▸ What needs to be done
Using the listing below, print the line containing "Thumbnail for COMAC", the line containing "Auckland Night City Poster (Vorne)", and each line between them, exactly and nothing else. Pictures stay out of the print.

▸ Provided records
[Start of Attachment]
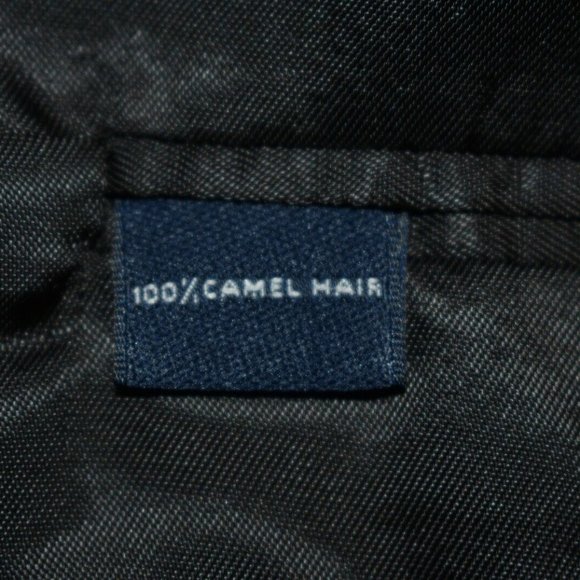 NWT 43R Brooks Brothers 100% CAMELHAIR Black COAT - Picture 8 of 8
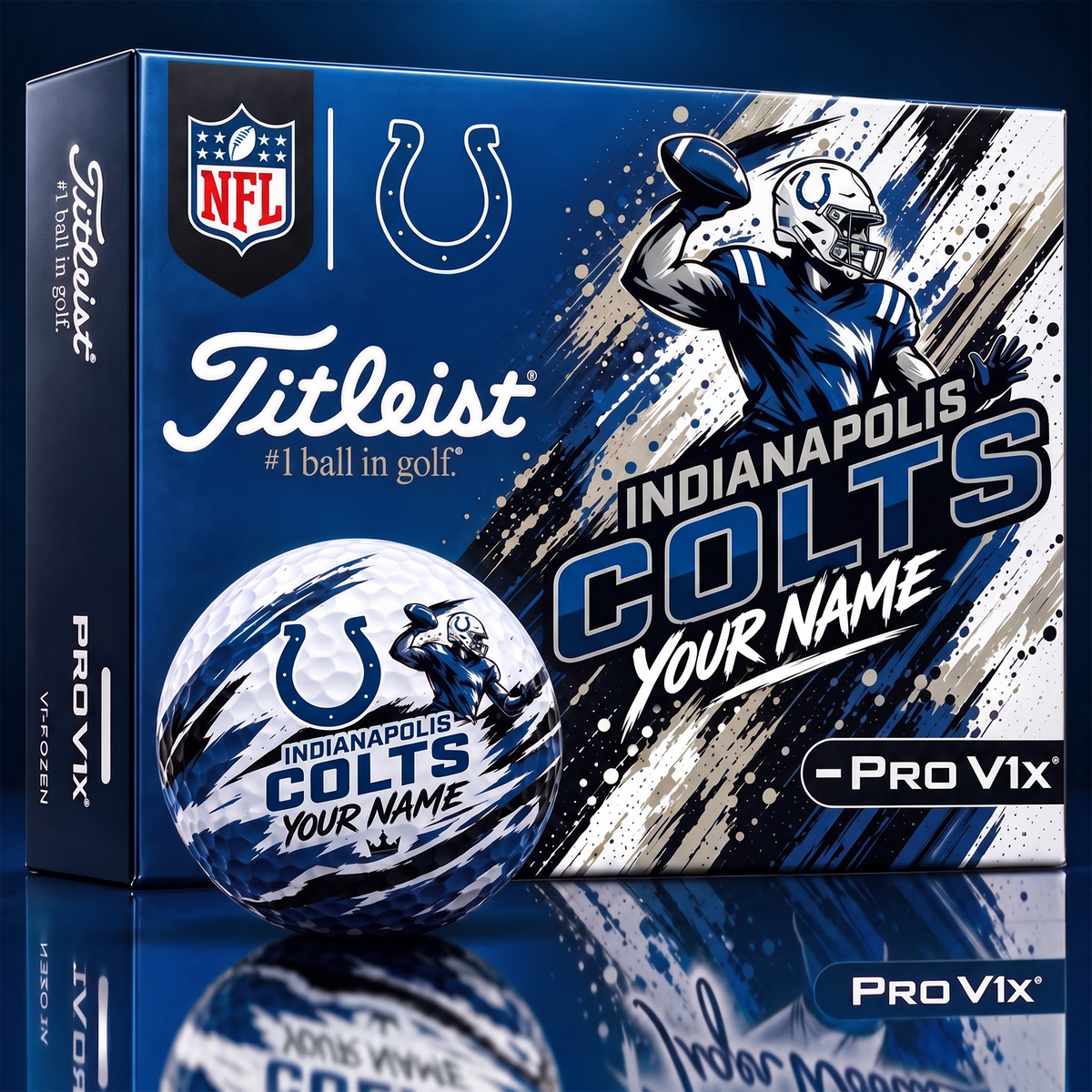 IC x Personalized NFL Titleist Pro V1x NFL Golf Balls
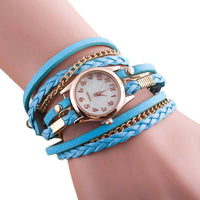 New Fashion Wrap Around Bracelet Watch Synthetic Leather Chain Watch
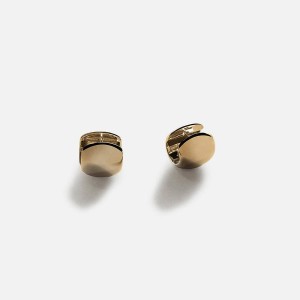 Gold Women Kith Annika Inez Cigar Band Hoops Jewelry | 0675-CODIV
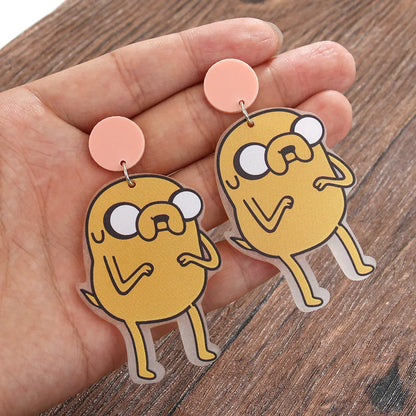 1 Pair Cartoon Style Sweet Cartoon Character Arylic Drop Earrings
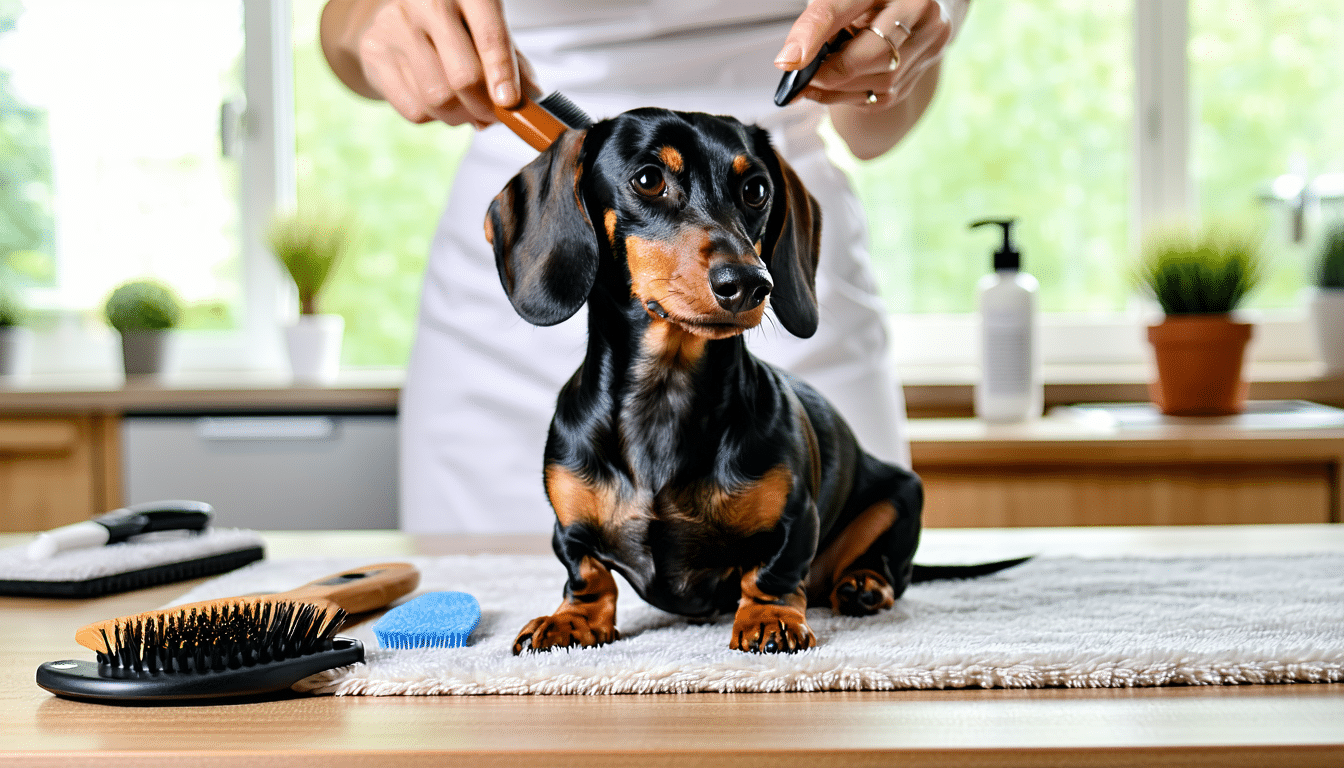 découvrez nos conseils pratiques pour entretenir au quotidien le pelage d'un teckel à poil dur noir et feu, afin de préserver sa santé et son éclat naturellement.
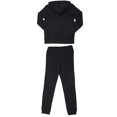 thumbnail image 2 of Boy's Jack Jones Junior Zero Sweat Tracksuit in Black, 2 of 2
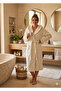 Hooded Bathrobe, Curly Bathrobe, 100% Cotton, Bath Sauna Bathrobe Women / Men Unisex Bathrobe - 2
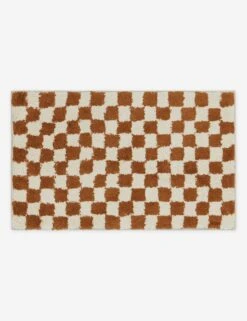 Checkerboard Bath Mat By Sarah Sherman Samuel 16 Checkerboard Bath Mat By Sarah Sherman Samuel -Home Furnishings Store CheckerboardBathMatbySarahShermanSamuel Umber 21 x34 A0656925 5148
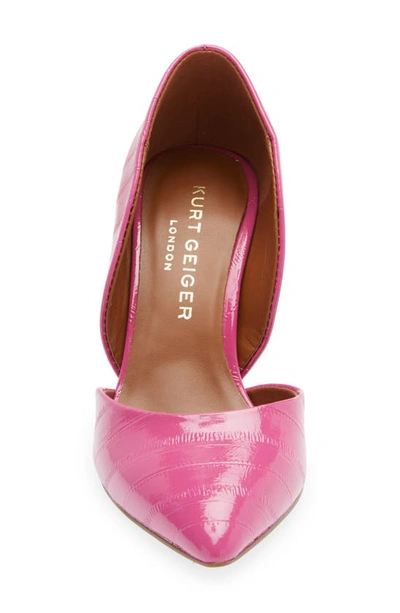 Shop Kurt Geiger Bond 90 D'orsay Pump In Bright Pink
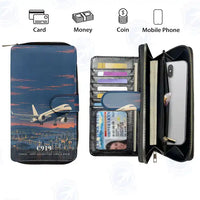 Thumbnail for COMAC C919 Leather Wallets - Zip Long Wallet - 3D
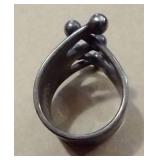 Cool Unique Norwegian Sterling Silver Ring Cool Unique Norwegian Sterling Silver Ring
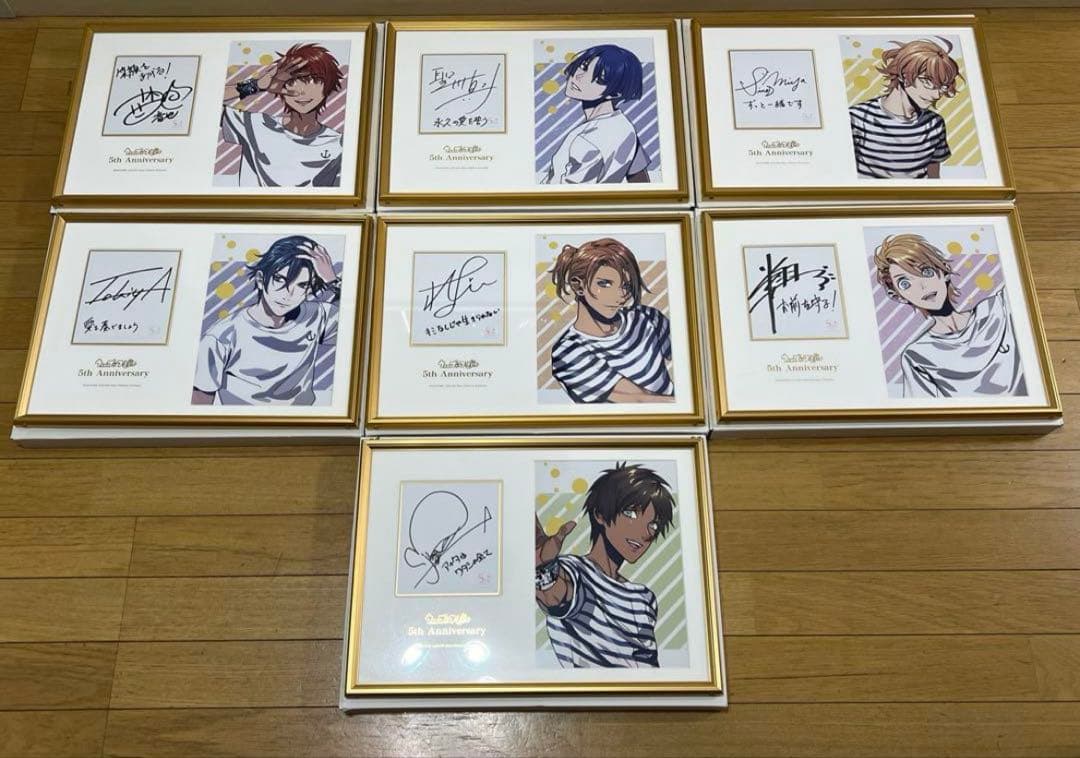 うたプリ5周年　メモリアルフォト サイン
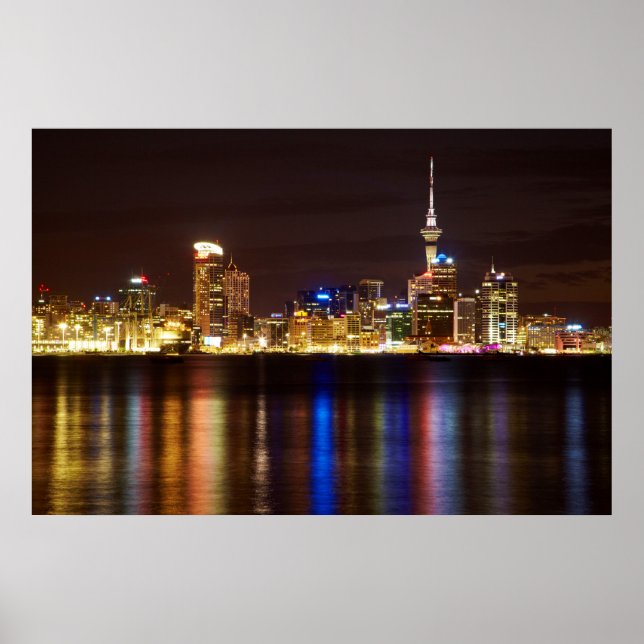 Auckland Night City Poster (Vorne)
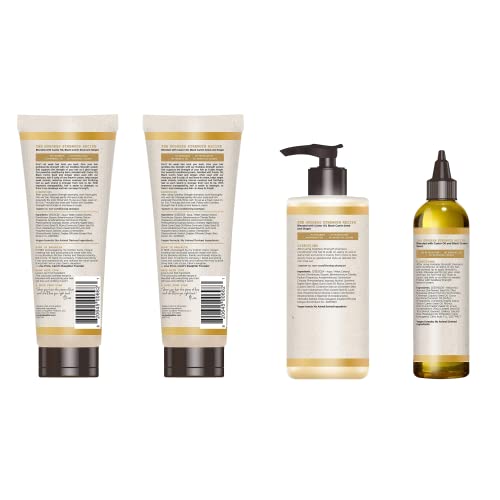 Carol's Daughter X Coco Gauff Goddess Strong Bundle: Hair Care Kit with Shampoo, Conditioner, Leave-In Treatment and Scalp Oil, 4 Items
[End of Attachment]
▸ Answer space
 Thumbnail for COMAC C919 Leather Wallets - Zip Long Wallet - 3D
 Cool Unique Norwegian Sterling Silver Ring Cool Unique Norwegian Sterling Silver Ring
 うたプリ5周年　メモリアルフォト サイン
 Auckland Night City Poster (Vorne)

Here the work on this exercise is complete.